If you’ve ever walked backwards, you know how unnatural (and scary) it feels. But when it comes to financial marketing, working backwards toward your goals is the best way to ensure that you are approaching each objective intelligently, methodically and measurably.
As a financial marketer, you should always have a goal in mind, whether it’s reaching those coveted Millennials, attaining a growth goal, or even something less quantifiable like supporting brand awareness and preference. Rather than focusing on the end goal, the key to success is to map out every single point along the path to accurately define all the components you need, and then develop your attack plan and budget accordingly. If you don’t get your campaign planning right, you’ll will inevitably be faced with last-minute emergencies, scope creep, and missing elements in your campaign that you need to be successful.
Beginning… at the End
Back in 1997, Steve Jobs imparted this nugget of wisdom at a developer conference: “You’ve got to start with the customer experience and work back toward the technology — not the other way around.” This seems to work quite well for Apple, so let’s see how it could work for your institution, using home loans as a campaign example.
1. Wow Consumers
So you’ve achieved your goals — some more loan applications — congratulations! But do you have the right products and systems in place to make sure your new mortgage borrowers are deliriously happy? This may seem like an unusual place for a financial marketer to start their campaign planning journey, but one that’s not to be underestimated because a new relationship typically has far more value for your institution than just the initial campaign goals/metrics. Make sure your sales and support teams know your cross-selling and onboarding plans, and determine how they can help make the experience with your institution amazing so that those new relationships turn into brand loyalists and ultimately — hopefully! — brand ambassadors.
2. Eyes on the Prize
It is critical to define exactly what you want. In this case, an increase in booked home loans. How will you know whether you’ve been successful if you haven’t specified what will define success? You also need to know what other factors may be in play that could amplify or detract from your campaign’s success.
3. Analyze the Data
Understand what systems you have in place to measure loan volume. Do all of your systems talk to each other so you can retrieve this information through your analytics program? Or will there be some manual stitching together of data so you can understand the impact of your efforts and, likewise, what other efforts might be in place?
4. Put Analytics in Place
Because institutions are heavily reliant on third parties for applications, it’s important to understand what analytics tracking can be extended across your website as well as any third-party sites. If you want to track the impact of your campaign to loan application submissions, then you need to be able to integrate tracking code into the application confirmation page. Often this is easier in theory than in practice, so don’t overlook the importance of this step.
5. Know Your Audience
Saying that you are trying to reach flourishing families isn’t defining your target audience. Instead, you need to be as granular as possible —pinpointing key zip codes, neighborhoods, cultures or other differentiating factors so that you can better understand what tactics may be necessary to reach these audiences where they live, play or work.

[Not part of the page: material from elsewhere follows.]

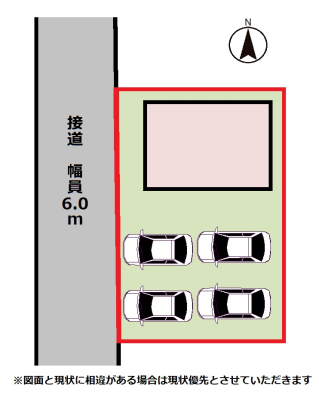 ���̑� ��63�؂̍L�X�Ƃ����~�n�ł��I ����4��\��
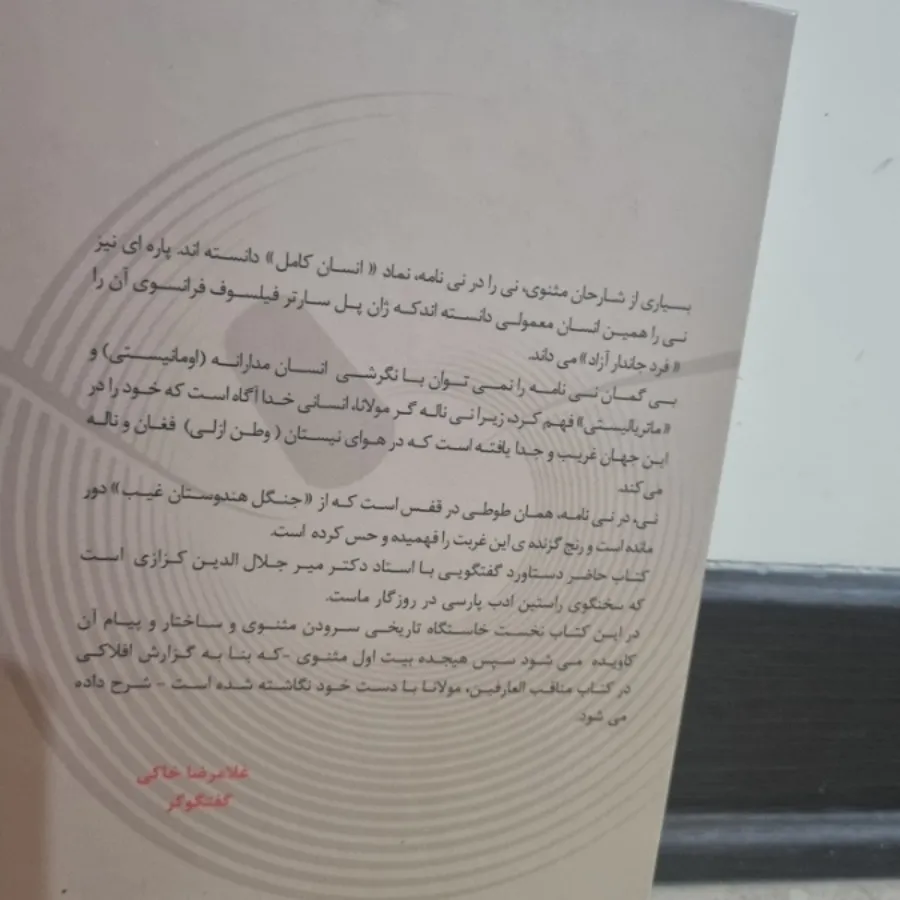 کتاب ناله ای از نای نی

6. Use Campaign Landing Pages
A unique destination for your campaign is imperative. Driving people to your home page or a product page won’t optimize conversions like a dedicated landing page will. So invest in a landing page that is consistent with your campaign branding, simple in layout, includes clear product benefit statements, a prominent call to action and incorporates robust analytics tracking.
7. Surround Sound Campaigns
Modern financial marketing is all about having an integrated, multichannel media distribution model. In fact, 65% of respondents in the 2015 Direct Marketing Association Response Rate report use two or more media types in their marketing campaigns, and 44% use three or more. Maybe your target audience is commuting to work and hears a great radio ad promoting your competitive rates and easy application process. A few days later when they see their dream home, they might search for “home loan rates” and see a pay-per-click ad you placed. Then they get to work and see the same advertising theme as retargeted banners in their local news website and their Facebook feed. They finally take the bait and click through to see your beautiful landing page and complete the pre-qualification form. And so it goes — a conversion which you can hopefully track through loan closing.
8. Campaign Theme
This is the fun part of the process and where most marketers like to start their thinking. But notice that this is the last step in this process. Of course it’s the foundation of the entire campaign, but great creative ideas don’t always yield the most effective campaigns. Now that you know your campaign’s components and how you will measure success, you can focus on generating ideas that will help you find success.
Set Yourself Up for Success
The first time you start your campaign “backwards,” it will surely feel unnatural. You will be tempted to think about the creative first, because that is what gravitated many of us to the jobs we’re in — but resist the urge. Reverse-engineering campaigns allows you to plan methodically, helping you to understand what worked and what didn’t, so you can show how vital marketing is to the growth of your institution.